Compte-Rendu de la mission au Mexique
(Mexico)
du 31 janvier au 2 février 2003.
Visite
du Lycée franco-mexicain
Président du comité
de gestion: Claude Le Brun. Vice-président : Francis Javelly
Proviseur: Pierre Thomas
Le lycée est une
très belle réalisation, probablement une des mieux équipée
que nous ayons dans le circuit.
La section française
a programme français compte 2500 élèves dont 1000
français (311 boursiers).
La section bilingue, à
programme mexicain compte 300 élèves.
Il existe une section technique
préparant au BTS maintenance industrielle qui fonctionne depuis
4 ans avec 10 à 15 élèves. Le financement est assuré
par des sociétés françaises: Sidel, Eurocopter, Bic,
Degrémont, Sanofi, Legrand.
Cette section technique
sera remplacée par une section Maintenance, Après-Vente
Automobile (MAVA) pour laquelle un agent technique est demandé.
Alliance
française
Gérard Saurin directeur
culturel. Très important réseau au Mexique Public d'intellectuels
et d'artistes à l'IFAL (Institut Français d'Amérique
Latine) 5000 étudiants.
Les locaux appartiennent
à l'état français.
Déjeuner
de travail
Présidé par
Gilles Bienvenu chargé d'affaires avec les chefs de service de
l'ambassade.
Tour d'horizon sur la situation
au Mexique.
Visite
du Consulat
Une quarantaine d'aides
dans le cadre du C.C.P.A.S.
Très importante
campagne pour l'immatriculation, qui a porté ses fruits.

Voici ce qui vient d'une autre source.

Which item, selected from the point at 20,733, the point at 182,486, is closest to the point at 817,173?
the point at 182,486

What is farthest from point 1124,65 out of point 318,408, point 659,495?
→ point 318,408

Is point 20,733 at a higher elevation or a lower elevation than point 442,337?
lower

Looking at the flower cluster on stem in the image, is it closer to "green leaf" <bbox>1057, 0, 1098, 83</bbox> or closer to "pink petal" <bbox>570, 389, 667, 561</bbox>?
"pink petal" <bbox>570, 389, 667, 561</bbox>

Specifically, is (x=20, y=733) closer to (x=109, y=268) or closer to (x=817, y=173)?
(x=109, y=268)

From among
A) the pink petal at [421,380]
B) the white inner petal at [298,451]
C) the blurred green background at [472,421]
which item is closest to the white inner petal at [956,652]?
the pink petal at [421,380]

La mission au Mexique a été
de courte durée.
La France et la culture française
est très bien implantée et très vivante. Nous avons
là une bonne image de la France.
Les mêmes problèmes de coût
des scolarités qu'aux U.S.A. ont été souvent soulevés,
de même que la gestion sans doute un peu luxueuse de l'établissement.
Les français installés ou
les expatriés semblent satisfaits de leur situation à Mexico.